Special counsel Robert Mueller’s investigation was star-crossed from the start. His friend and successor as FBI director, James Comey, by his own admission prompted the investigation — with the deliberate leaking of classified memos about his conversations with President Donald Trump to the press.
Mueller then unnecessarily stocked his team with what the press called his “dream team” of mostly Democratic partisans. One had defended a Hillary Clinton employee. Another had defended the Clinton Foundation.
Mueller did not at first announce to the press why he had dismissed Trump-hating FBI operatives Lisa Page and Peter Strzok from his investigative team. Instead, he staggered their departures to leave the impression they were routine reassignments.
But Mueller’s greatest problem was his original mandate to discover whether Trump colluded with the Russians in 2016 to tilt the election in his favor.
After 15 months, Mueller has indicted a number of Trump associates, but on charges having nothing to do with Russian collusion. They faced inordinately long prison sentences unless they “flipped” and testified against Trump.
We are left with the impression that Mueller cannot find much to do with his original mandate of unearthing Russian collusion, but he still thinks Trump is guilty of something.
In other words, Mueller has reversed the proper order of jurisprudence.
Instead of presuming Trump innocent unless he finds evidence of Russian collusion, Mueller started with the assumption that the reckless raconteur Trump surely must be guilty of some lawbreaking. Thus, it is Mueller’s job to hunt for past crimes to prove it.
While Mueller so far has not found Trump involved in collusion with foreign citizens to warp a campaign, there is evidence that others most surely were colluding — but are not of interest to Mueller.

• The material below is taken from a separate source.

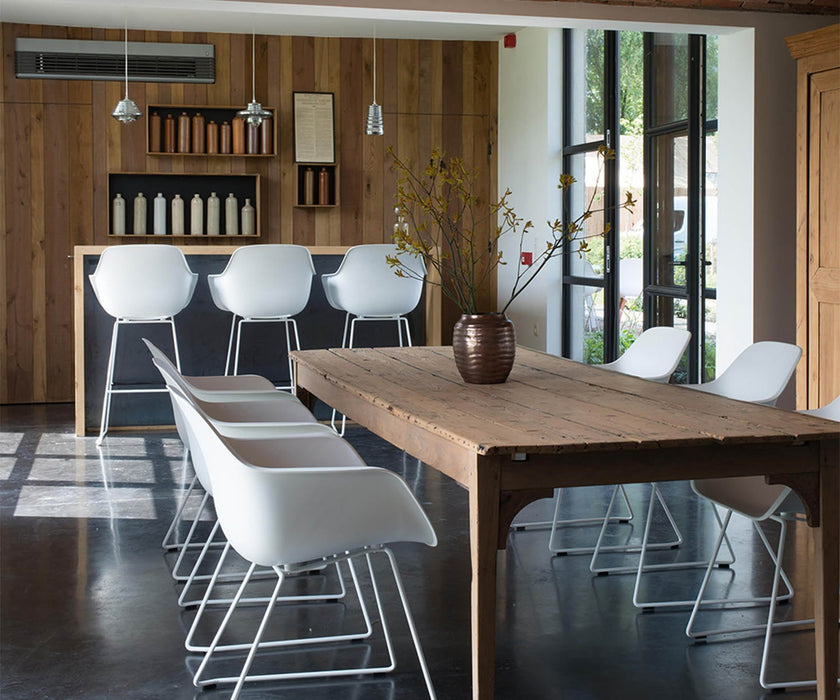High end Captain's Chair Sliding by Extremis Casa Design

It is likely that during the 2016 campaign, officials at the Department of Justice, FBI, CIA, and National Security Agency broke laws to ensure that the outsider Trump lost to Hillary Clinton. FBI and DOJ officials misled the Foreign Intelligence Surveillance Court in order to obtain warrants to surveil Trump associates. National-security officials unmasked the names of those being monitored and likely leaked them to the press with the intent to spread unverified rumors detrimental to the Trump campaign.
A spy on the federal payroll was implanted into the Trump campaign. Hillary Clinton’s campaign team paid for research done by a former British intelligence officer working with Russian sources to compile a dossier on Trump. Clinton hid her investment in Christopher Steele’s dossier by using intermediaries such as the Perkins Coie law firm and Fusion GPS to wipe away her fingerprints.
As a result of wrongful conduct, more than a dozen officials at the FBI and DOJ have resigned or retired, or were fired or reassigned. Yet so far none of these miscreants has been indicted or has faced the same legal scrutiny that Mueller applies to Trump associates.
Hillary Clinton is not facing legal trouble for destroying subpoenaed emails, for using an unlawful email server, or for the expenditure of campaign money on the Steele dossier.
No president has ever faced impeachment for supposed wrongdoing alleged to have taken place before he took office — not Andrew Johnson, not Richard Nixon, and not even Bill Clinton, who lied about his liaisons with Monica Lewinsky in the Oval Office. With the effort to go back years, if not decades, into Trump’s business and personal life, we are now in unchartered territory.
The argument is not that Trump committed crimes while president — indeed, his record at home and abroad is winning praise. The allegations are instead about what he may have done as a private citizen, and whether it could have reversed the 2016 election.
The only way to clear up this messy saga is for Trump to immediately declassify all documents — without redactions — relating to the Mueller investigation, the FISA court warrants, the Clinton email investigation, and CIA and FBI involvement with the dossier and the use of informants.
Second, there needs to be another special counsel to investigate wrongdoing on the part of senior officials in these now nearly discredited agencies. The mandate should be to discover whether there was serial conflict of interest, chronic lying to federal officials, obstruction of justice, improper unmasking and leaking, misleading of federal courts, and violation of campaign-finance laws.
It is past time to stop the stonewalling, the redacting, the suppression, the leaking to the press, and the media hysteria. The government must turn over all relevant documents to two special counsels and free each to discover who did what in 2016.
Americans need the whole truth to ensure equality under the law and to thereby set us free from this nearly two-year nightmare.